And ykpersonalize-gui says that no yubikey is plugged in. How do I get FreeBSD to recognize the keys?

Thanks,
--vr


----------



## msplsh (Mar 28, 2022)

Have pcsc-lite installed?  That might fulfill the PC/SC requirements.

Other interesting ports are opensc, libccid, libfido2, py-fido2


----------



## VucanRidr (Mar 28, 2022)

pcsc-lite is installed. Do I need to install the other packages?
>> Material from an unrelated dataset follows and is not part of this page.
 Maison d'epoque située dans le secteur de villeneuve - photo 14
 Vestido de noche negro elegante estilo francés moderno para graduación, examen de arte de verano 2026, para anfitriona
It just seems odd that even ykpersonalize doesn't see the plugged in key...

I just feel like I am missing the right way of putting this pile of lego pieces together.


----------



## msplsh (Mar 28, 2022)

Well ykman is Python so you'll need Python connectors to all the libraries you will use like the py-fido2.  ykpersonalize might not be using the right mode if you're using the gui although I wouldn't use that tool because it seems to be extremely destructive write-only.


----------



## daemonhorn (Sep 17, 2022)

I started to document my Yubikey configuration notes on FreeBSD 13.1+ here:  https://gist.github.com/daemonhorn/bdd77a7bc0ff5842e5a31d999b96e1f1 

OP likely was missing "service pcscd enable && service pcscd start", or was running without applicable privs to the /dev/uhid* devices.  (need to be root, or setup u2f-dev rules to allow group access to users)

I've been successful with the Yubikey 5, and Yubkey Security Key NFC (BLUE).   Works well with Firefox, openssh, yubikey utilities, pcsc-lite.  OpenSSH's FIDO2 interfaces are a bit more fiddly than the tried and true pkcs#11 interfaces, but it all works once you get through the details of configuration.

Good Luck.


----------